Charlotte and her daughter, Sarah, have published ten books. She has developed
three documentaries that keep history alive and a CD with an actual Orphan
Train rider after they made a trip to New York City to uncover her records
dating back to 1917. She was selected as Nebraska’s 2011 Mother of the Year.
She is an avid reader and enjoys listening to books on CD while she journeys in
every direction, thousands of miles each year—to share her stories. Charlotte
and her husband Kevin started the second Little Free Library in Nebraska in
their own front yard. It is one of the largest in the nation and one of the few
that includes an active Culture Club.
“Write What You Feel: A
Prose and Poetry Workshop on Writing Emotions”
Together we will engage in guided writing
experiments and exercises for generating new work, discuss published work as
guide and inspiration, and explore issues of craft, genre, and audience on this
topic. We’ll consider these questions and more: How do our emotions influence
and shape the stories we tell? Why are we drawn to particular emotional threads,
but shy away from others? How does word choice, sentence structure, dialogue,
content, or pace create mood? What alternative tones might we imagine in our
work and what results when we reimagine? How do we ground emotions in
experiences that resonate with our readers? This is a generative and supportive
workshop designed to push ourselves to think deeply, foster the development of
new directions, and find inspiration in the emotions that move us. At the end
of the day, we will have the opportunity to submit the best of the new work
written during the workshop. Within a week, the instructor will email a note of
detailed feedback on the submission.
Laura Madeline Wiseman is the author of over two-dozen
books and chapbooks and the editor of Women Write Resistance, selected for the
Nebraska 150 Book List. Her collaborative book Intimates and Fools is a
Nebraska Book Award 2015 Honor Book. Her latest book is Velocipede (Stephen F.
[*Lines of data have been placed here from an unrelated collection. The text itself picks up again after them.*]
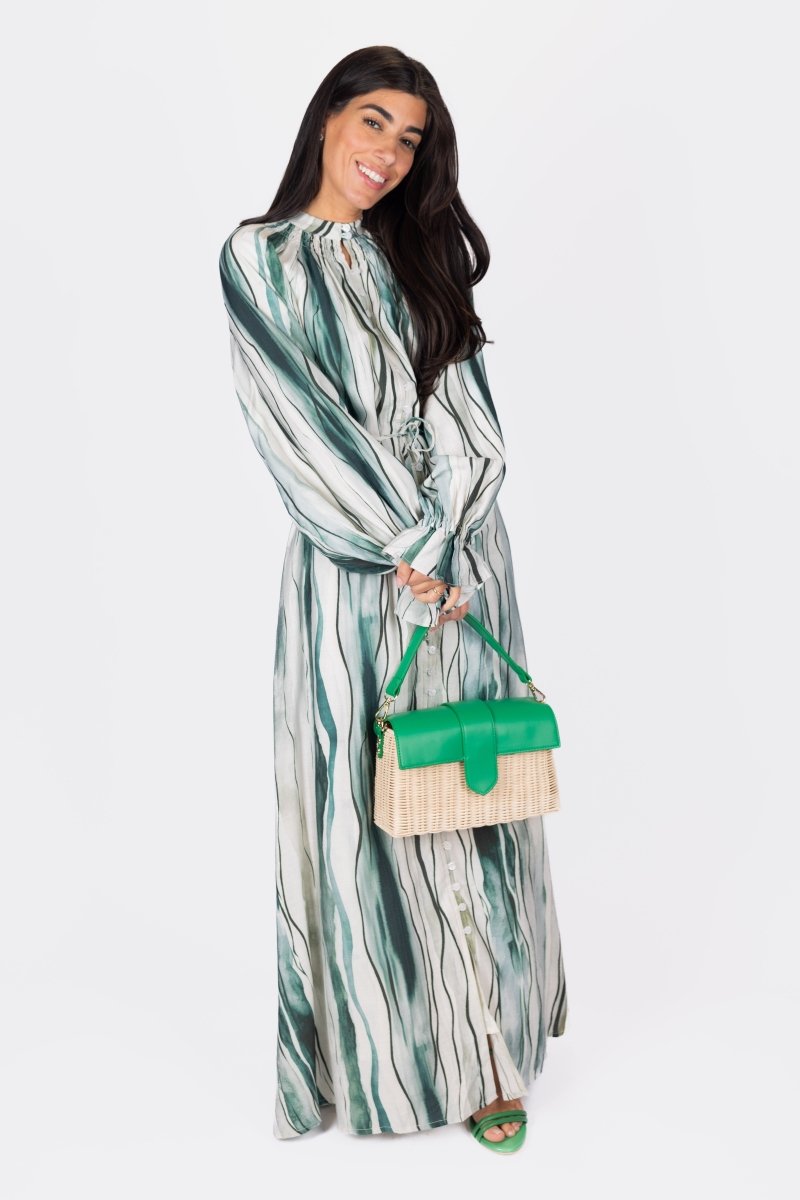AMAIA DRESS (GREEN) - Dress - Yakira Bella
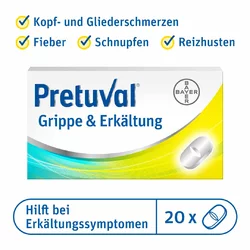 Pretuval Grippe und Erkältung Filmtablette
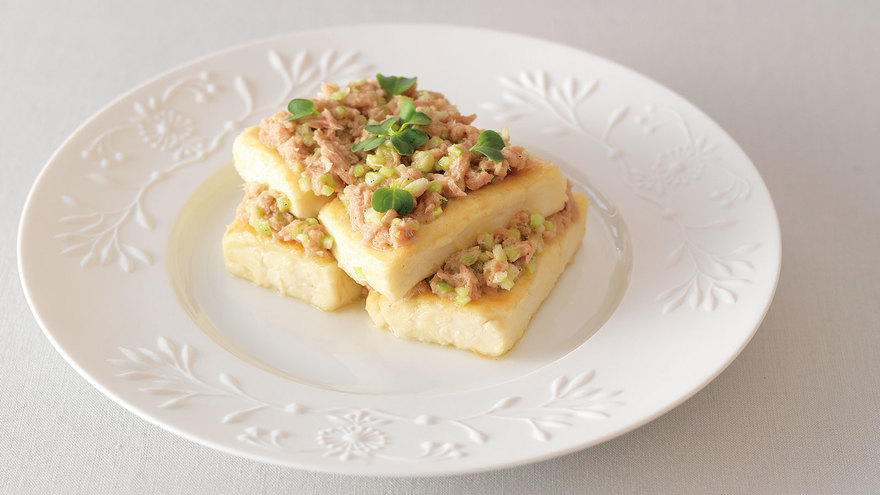 豆腐ステーキツナそぼろ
Austin State University Press, 2016). She teaches writing and women’s and gender studies at
the University of Nebraska-Lincoln.
FOR MORE INFORMATION:
Call or email: Wayne Anson, (308)
227-3221, wayne.anson@gmail.com
To register for the Writers
Workshop or explore the Nebraska Writers Guild: nebraskawriters.org
A Non-Profit 501(c)3 Corporation, the
Nebraska Writers Guild, Inc., is a professional association for writers of all
disciplines, literary agents, educators, publishers, librarians, and youth who
are interested in promoting the craft of writing in Nebraska. The organization
offers aspiring writers, award winning authors, and everyone in between a
network for improving their craft.
Founded
in 1925, NWG is one of the oldest continuous writers' organizations in the
country. It counts among its charter members Bess Streeter Aldrich, Dorothy
Canfield Fisher, John G. Neihardt, Louise Pound, Mari Sandoz, and A.E. Sheldon
(chair of the Nebraska State Historical Society). Residing in New York, Willa
Cather was one of the first members to sign up. In its first year, two members of the guild were included
in the Saturday Review of Literature's list of the ten writers most
representative of American life. Yes, these are hallowed halls and we have
incredible respect for our past ... and enthusiasm for our future.